↜ Back to index Introduction to Numerical Analysis 2

Part b–Lecture 5

We have implemented the conjugate gradient method in Lecture b2 to find an approximate solution of the system Ax = b. With a good preconditioner like the one in Lecture b3, it is one of the fastest available methods to solve certain large linear systems. It is commonly used in practice to solve large linear systems that come from a discretization of partial differential equations.
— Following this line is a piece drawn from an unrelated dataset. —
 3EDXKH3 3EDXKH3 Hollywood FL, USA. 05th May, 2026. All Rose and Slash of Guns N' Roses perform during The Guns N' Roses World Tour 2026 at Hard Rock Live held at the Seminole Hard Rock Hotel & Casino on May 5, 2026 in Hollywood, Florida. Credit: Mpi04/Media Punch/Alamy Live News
But there is one more thing that we must do to speed up the method for typical matrices A. By far the most demanding operation in each iteration of the CG method algorithm is the matrix-vector multiplication Ap. It requires on the order of n^2 operations for a matrix of size n\times n.

The good news is that quite often in practice the matrix A is sparse (疎行列): most of the entries of A are zero.

Example of a sparse matrix from Report 1: most entries are zero (green squares) — Example of a **sparse** matrix from Report 1: most entries are zero (green squares)

These zero entries do not contribute to the value of Ap and we are only wasting time computing products and sums with zero operands: For a computer, the multiplication by zero takes exactly as much time as a multiplication by any other number. The same for addition.

Example 1. Matrix A from Lecture b3 has on average 3 nonzero entries per row or column. The total number of nonzero entries is 3n - 2 for the matrix of size n \times n. The number of operations (multiplications or additions) needed for computing A p is therefore about 3n. This is significantly smaller than the usual n^2 operations required for a general matrix.

Example 2. The usual finite difference scheme for Poisson’s equation -\Delta u = f in d dimensions leads to a linear system with a matrix A with at most 2d + 1 nonzero elements per row. This is a very common linear system to solve in practice.

So if the matrix A is sparse with a only a few nonzero elements per row, we can potentially speed up the program about n times if we only perform the necessary operations!

Not only that, we also do not need to really store the zero elements in memory, and therefore need only on the order of n units of memory instead of n^2. That is n-times less memory! This is huge savings for larger n, and allows us to solve much larger system on a computer.

Let us consider how to do this for the simple (but important) matrix from Lecture b3 with \gamma = 2: A_{ij} := \begin{cases} 2, & i =j,\\ -1, & |i - j| = 1,\\ 0 & \text{otherwise}. \end{cases}

Up to now we were using the function mv_mul that accepts any matrix A. Let us write a function lap_mul¹ that multiplies a given vector x by the specific matrix A above.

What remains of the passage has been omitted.